Various products from First Alert
Home safety company First Alert, a subsidiary of the Jardin Corporation, is planning to roll out a suite of products in 2015, many of which are health or fitness related. The company announced a WiFi combined smoke and carbon monoxide alarm; a WiFi environment monitor that monitors carbon monoxide, temperature, and humidity; and a connected watch that monitors the user’s heart rate, activity level and calories burned, as well as sleep data at night.

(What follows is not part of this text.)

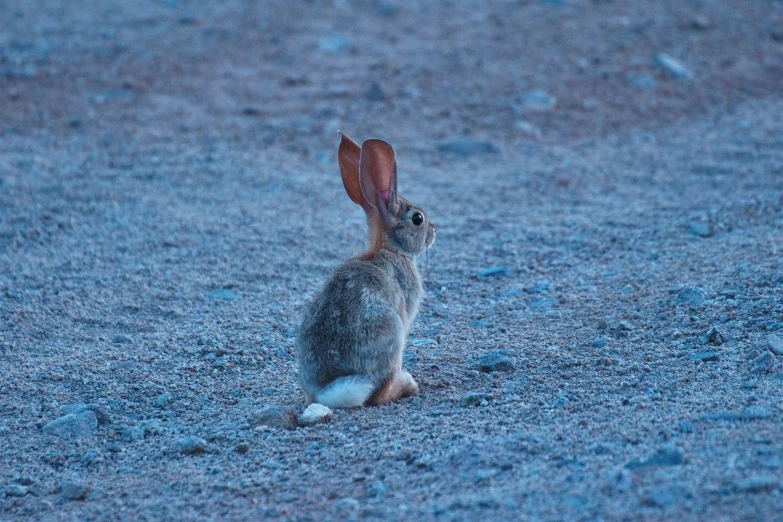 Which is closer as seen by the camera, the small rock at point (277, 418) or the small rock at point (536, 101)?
the small rock at point (277, 418)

Vancouver-based Epic Safety (no relation to the EHR vendor) launched a new line of mobile personal emergency response systems (mPERS) called Epic Alert. The system includes a base unit, an automatic fall sensor, a wearable pendant, a door contact, a motion detector, and a waterproof wall unit. Through the pendant, users can have two-way voice communication with a help center, one-touch calls for emergency assistance, and automatic fall detection.
Baby GlGl from Slow Control (formerly HAPILabs)
Finally, the company that delivered the HAPIFork last year (a smart fork that detects how fast the user eats) returned this year with a smart baby bottle that monitors a baby's milk consumption, with an aim on preventing bouts of colic. The company has since changed its name from HAPILabs to Slow Control and rebranded the HAPIFork as the 10S Fork.